My colleagues and I booked our return ticket long before we even left Lagos for Accra a week before. It was supposed to be a 0700hrs flight from Accra to Lagos. We got to the airport and checked in before 0600hrs. And then the wait began. 0700hrs – and there was none. 0800hrs – we were still hoping. 0900hrs – hope alive. 1000hrs – were we feeling hunger? To make it more interesting, no announcement from anyone. The Arik staff on duty was about to go off duty and did the best she could, which was to bring a trolley full of snacks and drinks for us. We were too angry to eat. We did not want food but Lagos. Time indeed heals all wound. One after the other, we walked to the trolley and helped ourselves, getting slight succor. We, however, still forced ourselves to remain angry.

And the lady for afternoon duty arrived. And before our very own eyes, passengers for the afternoon flight to Lagos started arriving for check in. 1200hrs – boarding passes were being issued to afternoon flight passengers. Morning flight passengers would have none of that. And all hell broke loose. Screaming, shouting, several punches to the table top of the ‘innocent staff.’ It only abated when we were assured that two flights were on their way from Lagos – placebo.

1500hrs – grade one hunger, I had to leave the airport to spend my last five cedis on proper kenkey and fish. Did I tell you all of Africa is the same? I bought ‘pure water’ just like in Lagos – that story is for another day.

After several hours of craning our necks to see the name on every newly arriving plane, an Arik flight landed at about 2200hrs. Wasn’t my flight supposed to be for  0700hrs? After yelling serious warnings to those loading our bags into the plane to attend to morning passengers first, we proceeded to the boarding gate. Over two hundred people struggled in no particular pattern to pass through a door that could accommodate only one at a time.

I shall never forget the look on the face of one of the cabin crew of a Lufthansa flight as they passed by us to board their plane. The look of disdain followed by a shake of her head said, ‘Africans will always be barbarians.’ Because most of the Lagos bound passengers were Nigerians, Ghanaian airport staff easily got tired of enforcing decorum. They left us to our devices.

Struggling, pushing, shoving…tug of war, or better still, survival of the fittest. I joined the band wagon and I got a place on the plane. And when it was filled, yells of, ‘I will stand. I will sit on the floor’ were firmly rejected by the cabin crew. We arrived Lagos at about 2345hrs. My 0700hrs flight.

So Arik air can mess up Nigerians with impunity. They can conveniently choose to merge two flights into one knowing fully well that many would definitely lose out – of course, no refunds. What a cool way to make money! In today’s case, they deliberately overbooked a flight to unethically maximize profits, leaving faithful passengers to tear themselves apart.

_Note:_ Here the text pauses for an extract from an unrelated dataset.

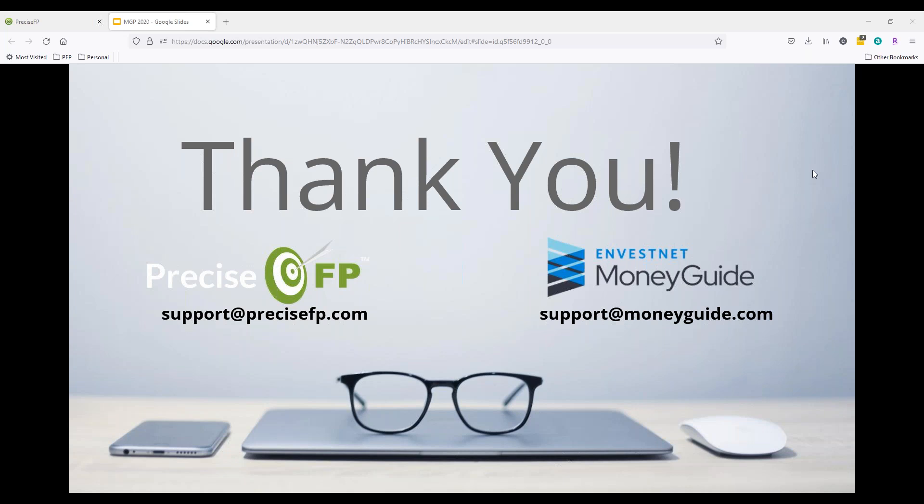That looks to be the end of our questions. Jenny, thank you as always for joining us today — it's always such a pleasure. Thank you so much. Thank you everyone for attending today. Hope everyone has a great afternoon. Stay safe out there and take care.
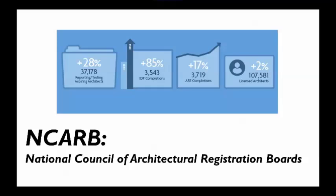Each state or jurisdiction is able to make their own rules and requirements for licensing an architect. But because there are these more national standardized systems in place now, most states have adopted the nationalized system. This graphic shows how many people are currently in the system — between experience or internship and how many licensed architects there are.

Where is the Nigerian Civil Aviation Authority (NCAA)? Where is the Ministry of Transport? Why are Nigerians always a soft target for unethical business practices? Where is the defender of the defenseless? Why hasn’t the wind of change blown to this sector? Arik air is a Nigerian airliner. Let us treat ourselves right before expecting good treatment from others. Others are actually watching. I rest my rant…no, case.